Ultima domanda del questionario di autovalutazione COVID-19 VS SALUTE (diffuso dal 26 al 31 marzo 2020)..

La scelta di proporre una domanda aperta alla fine del questionario, ci ha consentito di indagare sui bisogni della popolazione nel contesto di emergenza COVID-19.

Il concetto di bisogno (mancanza di qualcosa che sia indispensabile o anche solo opportuna, o di cui si senta il desiderio) è strettamente interconnesso con la motivazione che indica il movimento e la spinta verso qualcosa che diventa motivo del nostro agire e del nostro comportamento (dal latino “motus”).

Cos’è che ci spinge, che ci muove verso la realizzazione se non la sostanza stessa dei bisogni? I nostri bisogni generano un movimento atto al raggiungimento della soddisfazione del bisogno stesso.

La motivazione ci consente di modificare il nostro comportamento verso una direzione che può essere più o meno consapevole. E’ quell’elemento che permette di allenarci costantemente per raggiungere un obiettivo sportivo; di dedicare buona parte della giornata allo studio per ottenere un buon voto o per arricchire la nostra conoscenza; di alzarci la mattina per andare a lavorare; di metterci costantemente in discussione per essere buoni genitori; ecc..

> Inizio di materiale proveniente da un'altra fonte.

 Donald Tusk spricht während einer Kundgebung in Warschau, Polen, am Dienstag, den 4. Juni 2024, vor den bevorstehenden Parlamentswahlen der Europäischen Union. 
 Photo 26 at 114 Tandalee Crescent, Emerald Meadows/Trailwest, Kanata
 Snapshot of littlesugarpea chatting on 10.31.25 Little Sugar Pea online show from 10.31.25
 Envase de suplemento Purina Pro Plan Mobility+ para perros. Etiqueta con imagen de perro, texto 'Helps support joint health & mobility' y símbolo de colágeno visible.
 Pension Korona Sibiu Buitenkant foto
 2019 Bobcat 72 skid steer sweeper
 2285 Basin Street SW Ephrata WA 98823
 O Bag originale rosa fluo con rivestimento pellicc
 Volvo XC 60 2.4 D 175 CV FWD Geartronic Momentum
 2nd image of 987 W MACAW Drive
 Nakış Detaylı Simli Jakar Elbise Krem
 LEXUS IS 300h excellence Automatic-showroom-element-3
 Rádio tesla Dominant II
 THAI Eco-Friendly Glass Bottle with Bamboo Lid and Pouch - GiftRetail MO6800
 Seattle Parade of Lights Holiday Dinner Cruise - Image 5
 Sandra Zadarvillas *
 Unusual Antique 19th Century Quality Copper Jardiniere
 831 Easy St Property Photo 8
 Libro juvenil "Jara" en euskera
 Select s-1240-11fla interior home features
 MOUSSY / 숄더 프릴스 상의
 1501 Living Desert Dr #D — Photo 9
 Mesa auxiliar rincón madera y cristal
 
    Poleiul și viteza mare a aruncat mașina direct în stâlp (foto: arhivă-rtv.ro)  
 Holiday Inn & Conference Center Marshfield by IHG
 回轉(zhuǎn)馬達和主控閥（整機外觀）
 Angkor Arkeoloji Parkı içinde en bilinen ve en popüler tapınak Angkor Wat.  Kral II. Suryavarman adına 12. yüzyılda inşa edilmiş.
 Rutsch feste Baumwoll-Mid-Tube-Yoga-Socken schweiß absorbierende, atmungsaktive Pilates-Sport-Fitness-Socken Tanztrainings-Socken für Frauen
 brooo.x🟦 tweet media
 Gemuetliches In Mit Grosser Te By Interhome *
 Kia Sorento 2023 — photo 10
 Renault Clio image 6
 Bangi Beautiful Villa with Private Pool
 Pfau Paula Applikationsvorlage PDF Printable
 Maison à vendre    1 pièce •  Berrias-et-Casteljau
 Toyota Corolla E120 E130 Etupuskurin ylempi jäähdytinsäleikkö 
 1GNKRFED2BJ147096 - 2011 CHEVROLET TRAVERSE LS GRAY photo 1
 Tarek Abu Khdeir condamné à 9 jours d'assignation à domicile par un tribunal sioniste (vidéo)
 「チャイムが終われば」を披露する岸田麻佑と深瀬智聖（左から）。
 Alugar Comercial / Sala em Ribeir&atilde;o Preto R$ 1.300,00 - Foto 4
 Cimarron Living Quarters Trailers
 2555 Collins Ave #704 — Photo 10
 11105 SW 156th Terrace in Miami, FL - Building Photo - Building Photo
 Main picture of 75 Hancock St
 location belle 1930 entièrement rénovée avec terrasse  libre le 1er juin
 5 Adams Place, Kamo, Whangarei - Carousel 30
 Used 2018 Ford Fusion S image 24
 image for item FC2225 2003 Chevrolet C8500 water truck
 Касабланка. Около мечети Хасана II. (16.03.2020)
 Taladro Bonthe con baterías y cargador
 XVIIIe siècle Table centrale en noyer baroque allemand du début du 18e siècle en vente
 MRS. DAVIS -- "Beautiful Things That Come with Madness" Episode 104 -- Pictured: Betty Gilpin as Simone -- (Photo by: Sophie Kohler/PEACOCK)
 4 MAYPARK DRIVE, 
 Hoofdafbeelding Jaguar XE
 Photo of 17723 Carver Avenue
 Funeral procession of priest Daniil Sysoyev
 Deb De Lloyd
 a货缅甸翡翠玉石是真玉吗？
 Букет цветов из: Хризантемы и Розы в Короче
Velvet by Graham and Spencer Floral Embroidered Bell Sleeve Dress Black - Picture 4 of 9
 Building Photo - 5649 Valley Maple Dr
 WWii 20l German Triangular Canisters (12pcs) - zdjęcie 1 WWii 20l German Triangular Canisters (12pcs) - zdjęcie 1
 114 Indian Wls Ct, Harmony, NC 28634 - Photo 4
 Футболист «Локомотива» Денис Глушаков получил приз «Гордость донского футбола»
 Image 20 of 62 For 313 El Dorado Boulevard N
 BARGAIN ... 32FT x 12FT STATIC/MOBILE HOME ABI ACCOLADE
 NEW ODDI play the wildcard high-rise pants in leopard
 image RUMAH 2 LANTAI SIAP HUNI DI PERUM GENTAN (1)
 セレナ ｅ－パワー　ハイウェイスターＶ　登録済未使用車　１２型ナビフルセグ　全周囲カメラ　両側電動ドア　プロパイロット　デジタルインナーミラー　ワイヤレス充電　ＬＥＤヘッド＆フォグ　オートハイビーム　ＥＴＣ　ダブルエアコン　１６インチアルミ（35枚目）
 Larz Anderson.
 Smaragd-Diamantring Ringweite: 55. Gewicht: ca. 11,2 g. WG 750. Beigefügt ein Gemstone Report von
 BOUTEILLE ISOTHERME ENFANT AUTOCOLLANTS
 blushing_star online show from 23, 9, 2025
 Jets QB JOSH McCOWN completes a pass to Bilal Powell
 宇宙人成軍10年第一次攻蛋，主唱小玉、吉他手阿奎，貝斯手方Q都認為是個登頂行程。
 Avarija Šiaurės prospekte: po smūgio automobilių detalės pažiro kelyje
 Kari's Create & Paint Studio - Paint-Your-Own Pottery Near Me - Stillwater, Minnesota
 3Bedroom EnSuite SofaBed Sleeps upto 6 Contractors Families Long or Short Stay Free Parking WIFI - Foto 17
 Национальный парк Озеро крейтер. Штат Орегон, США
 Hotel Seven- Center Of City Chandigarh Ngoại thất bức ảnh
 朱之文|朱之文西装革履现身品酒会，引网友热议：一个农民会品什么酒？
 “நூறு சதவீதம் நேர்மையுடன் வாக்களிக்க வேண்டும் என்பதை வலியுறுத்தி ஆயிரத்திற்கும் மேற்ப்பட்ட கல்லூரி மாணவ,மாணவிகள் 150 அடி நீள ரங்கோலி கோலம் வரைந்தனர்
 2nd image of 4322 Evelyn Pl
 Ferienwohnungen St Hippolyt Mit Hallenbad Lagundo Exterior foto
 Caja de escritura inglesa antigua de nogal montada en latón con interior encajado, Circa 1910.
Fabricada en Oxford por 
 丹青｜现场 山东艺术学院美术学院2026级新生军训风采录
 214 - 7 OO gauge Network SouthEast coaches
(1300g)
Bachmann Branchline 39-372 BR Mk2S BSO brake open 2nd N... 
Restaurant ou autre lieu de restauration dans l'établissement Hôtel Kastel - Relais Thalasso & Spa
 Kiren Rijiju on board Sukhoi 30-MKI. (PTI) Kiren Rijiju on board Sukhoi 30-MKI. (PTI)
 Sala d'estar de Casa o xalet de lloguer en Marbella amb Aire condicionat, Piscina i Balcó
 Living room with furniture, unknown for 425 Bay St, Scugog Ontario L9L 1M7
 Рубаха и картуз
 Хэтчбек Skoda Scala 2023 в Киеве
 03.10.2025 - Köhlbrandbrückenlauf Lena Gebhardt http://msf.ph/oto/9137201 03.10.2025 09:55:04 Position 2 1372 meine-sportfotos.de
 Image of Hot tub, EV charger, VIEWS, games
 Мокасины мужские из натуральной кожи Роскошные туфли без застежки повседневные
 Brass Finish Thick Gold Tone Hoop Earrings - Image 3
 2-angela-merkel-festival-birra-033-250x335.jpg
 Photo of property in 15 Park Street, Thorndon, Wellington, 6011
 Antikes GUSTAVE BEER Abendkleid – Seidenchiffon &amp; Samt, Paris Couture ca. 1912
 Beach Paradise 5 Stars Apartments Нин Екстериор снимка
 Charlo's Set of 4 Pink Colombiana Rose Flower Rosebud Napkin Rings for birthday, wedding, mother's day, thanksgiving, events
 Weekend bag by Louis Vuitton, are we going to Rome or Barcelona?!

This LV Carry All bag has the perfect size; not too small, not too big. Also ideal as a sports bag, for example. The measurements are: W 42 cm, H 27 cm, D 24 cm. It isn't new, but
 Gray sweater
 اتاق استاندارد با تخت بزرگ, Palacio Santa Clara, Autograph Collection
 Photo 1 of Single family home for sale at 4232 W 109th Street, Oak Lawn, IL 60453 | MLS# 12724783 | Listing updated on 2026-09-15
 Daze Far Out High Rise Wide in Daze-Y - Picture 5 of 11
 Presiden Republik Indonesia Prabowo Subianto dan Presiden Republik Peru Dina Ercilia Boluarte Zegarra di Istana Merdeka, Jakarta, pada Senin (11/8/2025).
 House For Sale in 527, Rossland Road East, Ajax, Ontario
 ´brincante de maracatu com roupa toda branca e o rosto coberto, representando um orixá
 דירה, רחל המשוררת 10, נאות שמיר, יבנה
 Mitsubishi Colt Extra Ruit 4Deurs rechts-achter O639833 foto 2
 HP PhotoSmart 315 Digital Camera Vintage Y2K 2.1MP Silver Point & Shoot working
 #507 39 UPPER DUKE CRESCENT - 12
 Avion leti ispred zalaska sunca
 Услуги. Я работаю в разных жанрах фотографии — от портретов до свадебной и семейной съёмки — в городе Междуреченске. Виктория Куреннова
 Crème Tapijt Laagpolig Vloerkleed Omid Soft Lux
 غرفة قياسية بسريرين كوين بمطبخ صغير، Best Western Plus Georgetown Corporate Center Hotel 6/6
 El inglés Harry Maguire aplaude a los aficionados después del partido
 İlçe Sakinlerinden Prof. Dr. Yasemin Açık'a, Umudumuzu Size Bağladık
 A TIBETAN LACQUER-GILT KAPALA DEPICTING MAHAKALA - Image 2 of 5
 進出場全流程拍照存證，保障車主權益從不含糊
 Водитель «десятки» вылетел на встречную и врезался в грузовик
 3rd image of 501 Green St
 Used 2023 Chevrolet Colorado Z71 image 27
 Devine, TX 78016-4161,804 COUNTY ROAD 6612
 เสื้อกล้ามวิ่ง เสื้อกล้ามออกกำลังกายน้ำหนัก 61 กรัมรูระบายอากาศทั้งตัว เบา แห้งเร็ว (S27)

Il bisogno ci attiva, la motivazione genera il movimento che spinge all’azione. Raggiunta la gratificazione aumentiamo la nostra motivazione modificando, in itinere, i nostri bisogni. Questo processo circolare è strettamente collegato alla formazione e all’evoluzione personale.

Una definizione chiara ed esaustiva di Motivazione, Bisogni e Personalità ci è stata fornita da un grande maestro della psicologia: Abraham Maslow (1943).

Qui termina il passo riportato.